Just as they did on Saturday night, the Yankees fell behind 3-0 early yesterday as Mike Mussina showed his usual long-rest rust and spent as much time arguing with home plate umpire C.B. Bucknor as he did actually getting hitters out during the first three innings. Moose locked it down, however, and the Yankees rallied against Edwin Jackson in the fifth to take the lead, hitting for the cycle with a Robinson Cano single, an Andy Phillips triple that was badly misplayed by B.J. Upton in center (payback for Upton robbing him of a 400-foot extra-base hit on Saturday), a Wil Nieves double (his first extra-base hit of the year), and a two-run Derek Jeter home run.

Mussina fought his way through six innings with the help of some great defense, starting with his own, as he snagged a comebacker from the first batter he faced. Later in the first inning, with Carl Crawford on second and Brendan Harris on first, Carlos Peña singled to center to plate Crawford, but Melky Cabrera threw behind Harris to catch him rounding second base too far for the second out. The third inning came to a scoreless close when Hideki Matsui threw out B.J. Upton trying to score from second on a single to left thanks in part to Upton’s sore quadriceps and a great swipe tag by Wil Nieves. In the fourth, Carl Crawford ground to Andy Phillips deep at first, and Phillips beat Crawford in a footrace to the bag, colliding dramatically with the Tampa center fielder (thankfully, neither player was injured). The fifth ended on a 4-6-3 double play, and Melky again gunned out a runner at second base in the sixth as he caught Ty Wigginton trying to stretch a single.

Ron Villone came on in the seventh and promptly coughed up the lead by surrendering a two-run homer to Peña, but the Yankees quickly fought back in the eighth. Alex Rodriguez led off with a double to drive reliever Brian Stokes from the game. Hideki Matsui greeted Casey Fossum with a single that put runners on the corners. After Melky struck out, Robinson Cano plated Rodriguez with a sac fly on which Matsui alertly took second. Gary Glover then came on to face Phillips, who singled home Matsui to regain the lead and took second on the throw home.
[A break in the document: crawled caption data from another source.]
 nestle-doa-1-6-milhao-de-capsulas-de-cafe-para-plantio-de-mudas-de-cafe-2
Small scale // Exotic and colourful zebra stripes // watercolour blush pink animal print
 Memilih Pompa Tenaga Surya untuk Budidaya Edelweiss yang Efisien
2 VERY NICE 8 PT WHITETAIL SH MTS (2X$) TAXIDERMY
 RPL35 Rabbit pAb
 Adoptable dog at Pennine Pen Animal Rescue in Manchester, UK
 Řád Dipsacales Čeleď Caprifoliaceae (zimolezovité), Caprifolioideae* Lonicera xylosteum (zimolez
After pinch-hitter Jorge Posada was intentionally walked and Johnny Damon was unintentionally walked, Derek Jeter ground to third baseman Akinori Iwamura, but Iwamura couldn’t find the handle on the ball and all hands were safe, with Phillips scoring what proved to be a crucial insurance run.

I say crucial because Kyle Farnsworth opened the eighth by giving up a ground-rule double to Upton that missed being a home run by all of three feet. Wigginton then singled Upton home to pull the Rays within one. Rays manager Joe Maddon then pinch-ran for Wigginton with Josh Wilson with Dioner Navarro at the plate and one out. Navarro hit a hot shot to the left of Phillips at first, which Phillips snared on a full dive, then clamored to one knee and doubled Wilson off second for what would prove to be not only an inning-ending play, but a game-saving one.
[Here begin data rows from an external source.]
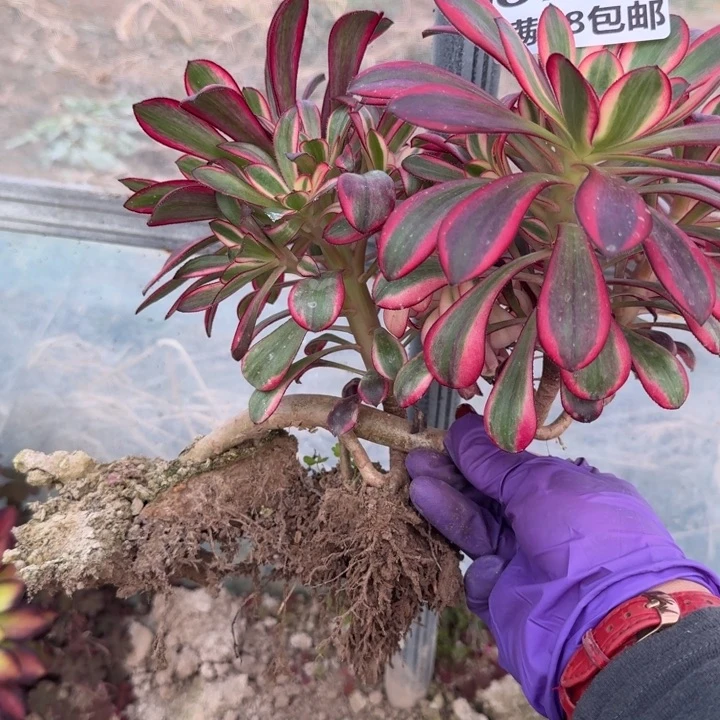 6779妖装多肉一号棚L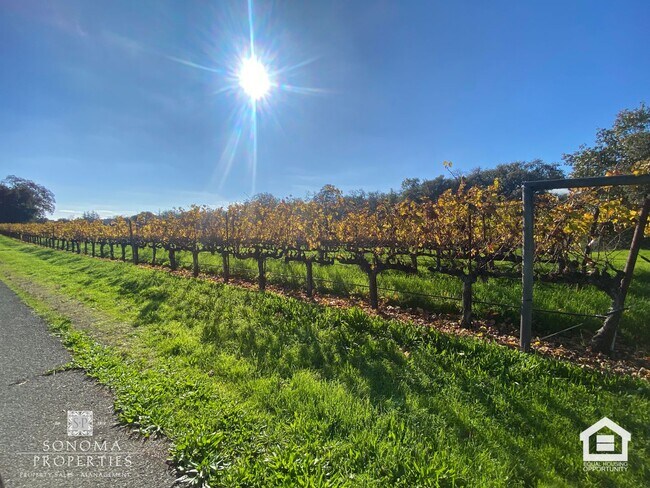 Building Photo - Stunning 4 Bedroom / 2 Bathroom Home Surrounded by Vineyards & Breathtaking Views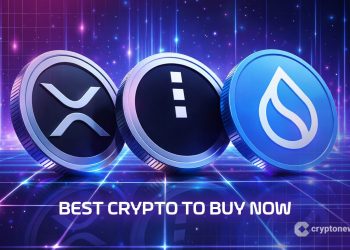 Best Crypto to Buy Now 16 December – XRP, Midnight, Sui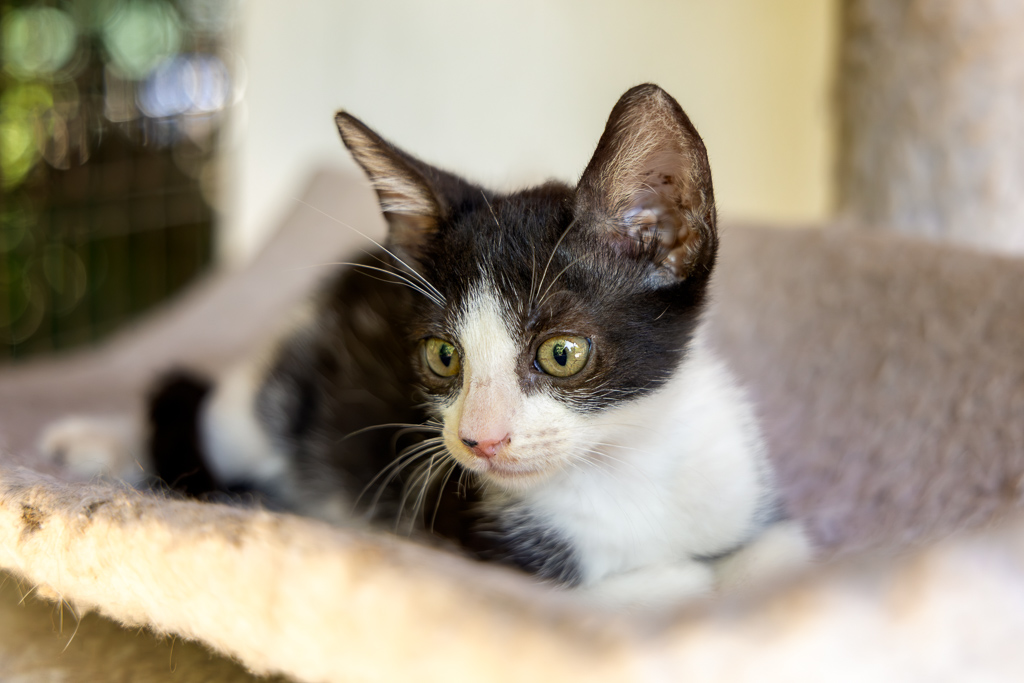 Figaro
Mariano Rivera wrapped things up with a heart attack ninth that started with a single by Iwamura, followed by catcher’s interference as Posada came out of his crouch to try to throw out Iwamura stealing second and tipped Carl Crawford’s bat with his glove in mid-swing. That put runners on first and second with no outs in a game the Yankees lead by just one run, but Brendan Harris ground into a 5-5-3 double play and Carlos Peña, who had driven in three of the six Devil Ray runs to that point, popped out to give the Yankees a 7-6 victory.

So, while it wasn’t a dominating performance, the Yankees did what they needed to do in taking three of four from the Devil Rays. They’ll have to play better ball to do the same against Toronto this week, however. Meanwhile, Andy Phillips, who is hitting .302/.362/.453 this season, is the story of the day. Pete Abraham kicks things off.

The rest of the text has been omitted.